Nel febbraio 2016 i prezzi del petrolio agonizzavano sotto i 30 dollari. Poco meno di due anni dopo, le quotazioni sono più che raddoppiate e sono tornate ai massimi da oltre un triennio, con il Wti salito ieri fino a 63,34 dollari e il Brent che ha toccato quota 69,37 grazie al calo di quasi cinque milioni delle scorte settimanali Usa. Insomma, recitare il de profundis quando di mezzo c'è il barile è sempre rischioso, così come avventurarsi in previsioni su come andrà nel 2018. Non c'è infatti commodity al mondo più sensibile a una pletora di variabili macroeconomiche e geo-politiche come l'oro nero. Eppure, forse proprio per questi motivi scenari e stime abbondano.
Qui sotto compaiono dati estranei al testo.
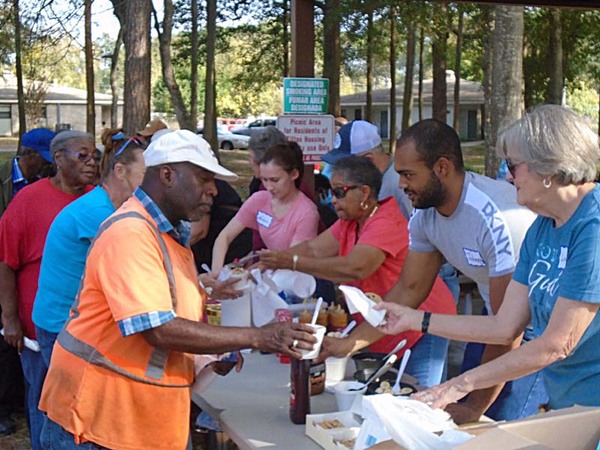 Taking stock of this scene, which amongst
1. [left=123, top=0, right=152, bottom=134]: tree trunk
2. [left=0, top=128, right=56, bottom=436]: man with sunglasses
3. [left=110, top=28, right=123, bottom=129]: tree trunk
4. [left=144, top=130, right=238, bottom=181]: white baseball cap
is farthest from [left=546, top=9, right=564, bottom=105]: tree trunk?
[left=110, top=28, right=123, bottom=129]: tree trunk

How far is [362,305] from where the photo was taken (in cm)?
279

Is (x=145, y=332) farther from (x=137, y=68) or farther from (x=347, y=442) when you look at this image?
(x=137, y=68)

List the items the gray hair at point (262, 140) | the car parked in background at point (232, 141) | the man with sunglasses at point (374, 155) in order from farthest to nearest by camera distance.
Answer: the car parked in background at point (232, 141), the gray hair at point (262, 140), the man with sunglasses at point (374, 155)

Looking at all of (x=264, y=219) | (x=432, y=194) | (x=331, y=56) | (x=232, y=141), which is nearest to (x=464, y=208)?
(x=432, y=194)

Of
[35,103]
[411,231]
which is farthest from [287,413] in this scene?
[35,103]

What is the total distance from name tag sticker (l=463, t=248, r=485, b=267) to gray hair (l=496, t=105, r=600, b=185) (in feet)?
2.80

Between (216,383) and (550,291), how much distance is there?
62.6 inches

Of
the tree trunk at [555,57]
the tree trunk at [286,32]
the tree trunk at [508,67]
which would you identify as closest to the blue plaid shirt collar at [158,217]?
the tree trunk at [508,67]

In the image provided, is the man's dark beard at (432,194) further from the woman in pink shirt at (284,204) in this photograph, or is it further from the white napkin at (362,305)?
the woman in pink shirt at (284,204)

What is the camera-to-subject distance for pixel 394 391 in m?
2.73

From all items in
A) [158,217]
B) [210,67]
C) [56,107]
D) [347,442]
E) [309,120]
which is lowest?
[347,442]

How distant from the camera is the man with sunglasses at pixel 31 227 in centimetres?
413

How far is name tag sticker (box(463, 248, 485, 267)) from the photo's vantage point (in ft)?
10.0

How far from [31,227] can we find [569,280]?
293 cm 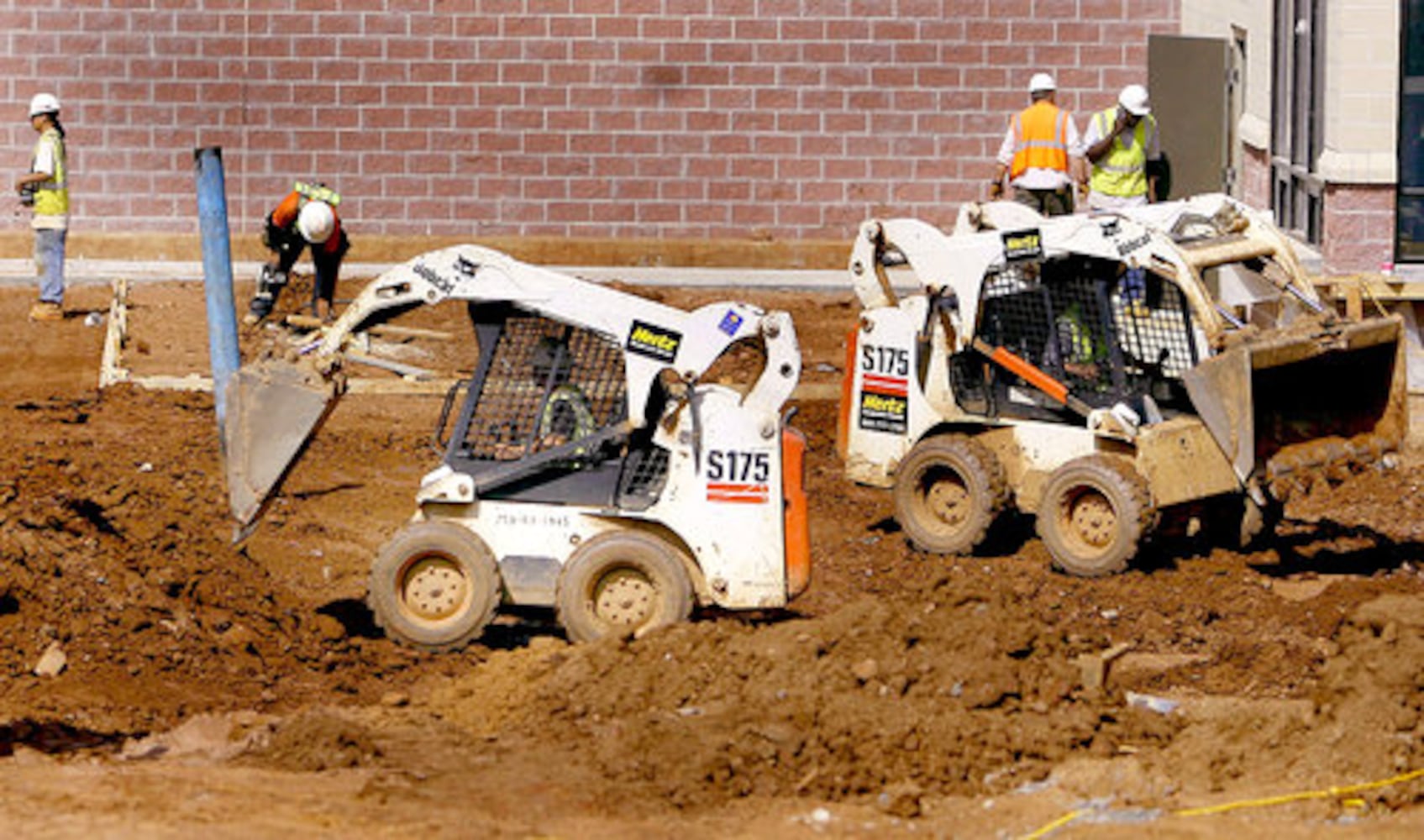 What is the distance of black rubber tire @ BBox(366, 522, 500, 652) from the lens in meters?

È un esercizio multiplo che produce indicazioni contrastanti, da prendere con le pinze. Grossolanamente, gli analisti si possono dividere tra rialzisti e ribassisti. I primi, fra cui ci sono gli uomini di Citigroup, non escludono che entro dicembre i prezzi raggiungeranno gli 80 dollari. Le cause sono perlopiù legate agli stessi motivi che hanno sorretto il recente rally, con un +13% circa dall'inizio dello scorso dicembre: le tensioni in Iran, il braccio di ferro tra Donald Trump e il dittatore nord-coreano Kim Jong-un, il possibile collasso del Venezuela, fino al possibile scoppio di una guerra. Calcola Citi che solo l'imposizione di sanzioni da parte degli Usa nei confronti di Teheran, il terzo maggior produttore Opec, avrebbe l'effetto di sottrarre al mercato 500mila barili al giorno, col risultato di fornire un'ulteriore spinta alle quotazioni del greggio nell'ordine dei 5 dollari.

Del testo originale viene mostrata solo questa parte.